The most common speculation regarding this is that _Squaresoft_ and _Enix_ will become two separate development groups under the parent company of _Square Enix_.

Source


----------



## Deathbringerpt (Feb 10, 2015)

Guess what happens when Square Enix makes sweet profit for 2 years in a row.


----------



## Krory (Feb 10, 2015)

They should be thanking Eidos.


----------



## Deathbringerpt (Feb 10, 2015)

According to them Tomb Raider was a bust so it really makes sense that they're making a timed exclusive sequel for their failed reboot.

Or maybe suits are full of shit even when they make money or something. Dunno.


----------



## Krory (Feb 10, 2015)

They changed their tune over that with the Definitive Edition release. That's why they ended up doing the same with Sleeping Dogs, and did those three packs.

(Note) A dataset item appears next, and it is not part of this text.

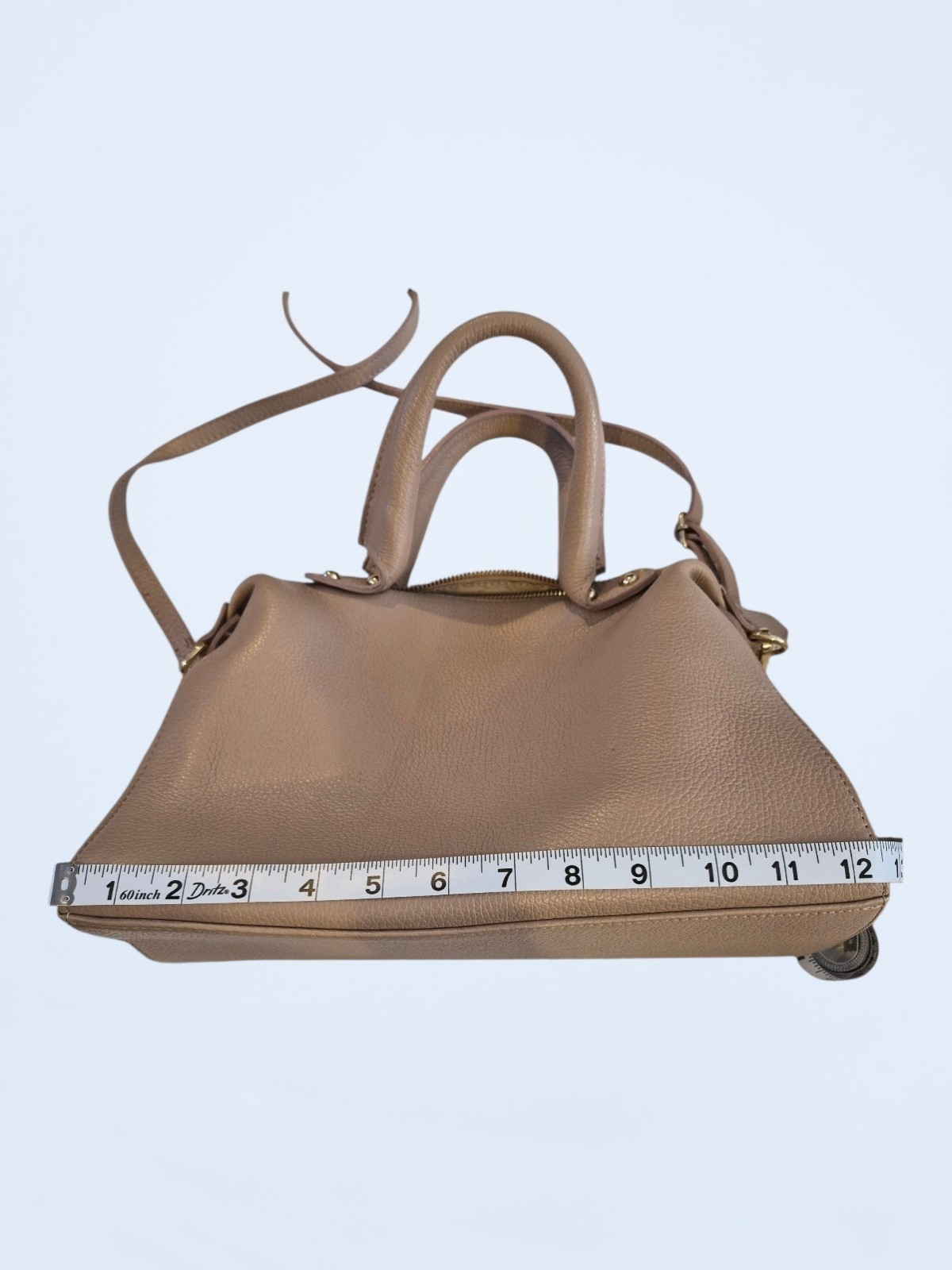 Vera Pelle Soft Tan Pebbled Leather Shoulder Bag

Though really, it's probably because MIcrosoft offered them an exorbitant amount of money and they're like, "Well... shit, we could get all of this definite money, and then just go around and sell the damn thing on the systems everyone will actually play it on."

Because let's be real here - we all know these people saying now, "I WILL NEVER PLAY THIS GAME EVARRRR!" will snatch it up immediately when the PS3/PS4/PC version comes out. Because your average gamer has no willpower.


----------



## zenieth (Feb 11, 2015)

Eidos had nothing to do with that bank. At least nothing substantial.

The Square investment report pretty much laid out clear that it was ARR, DQ and Mobile games.

Especially ARR, shit makes XI look like a piggy bank.


----------



## Enclave (Feb 11, 2015)

zenieth said:


> Eidos had nothing to do with that bank. At least nothing substantial.
> 
> The Square investment report pretty much laid out clear that it was ARR, DQ and Mobile games.
> 
> Especially ARR, shit makes XI look like a piggy bank.



Yeah, it's honestly surprising how well FFXIV is doing now.


----------



## Krory (Feb 11, 2015)

So THAT'S where all of WoW's dropped players are going.


----------



## Ultimania (Feb 11, 2015)

Square Enix has really dropped off of my radar a lot aside from the Bravely Default series and Kingdom Hearts series. They refuse to localize games that I would play (Dragon Quest games), avoid remaking old games that need the remake treatment (PS1 FF games), while screaming ''MOBILE GAMING IS THE FUTURE!''

They used to be awesome during the DS and PSP era, but now it seems like they're replaced by Atlus.


----------



## Krory (Feb 11, 2015)

>Need a remake


----------



## DeathScream (Feb 11, 2015)

FUCK THEM!

I WANT A NEW LEGACY OF KAIN OR SOUL REAVER!(even if nosgoth is doing well)


----------



## Krory (Feb 11, 2015)

Amy Hennig is gone and the Elder God is dead.

Leave it be.


----------



## DeathScream (Feb 11, 2015)

what about re-release them in HD?

or make a game based on the conflict before Nosgoth


----------



## Enclave (Feb 11, 2015)

krory said:


> Amy Hennig is gone and the Elder God is dead.
> 
> Leave it be.



The Elder God is not dead, he was just defeated.  He still very much is a threat and has many machinations still going on.  Additionally there's still much that could be done with the Hylden.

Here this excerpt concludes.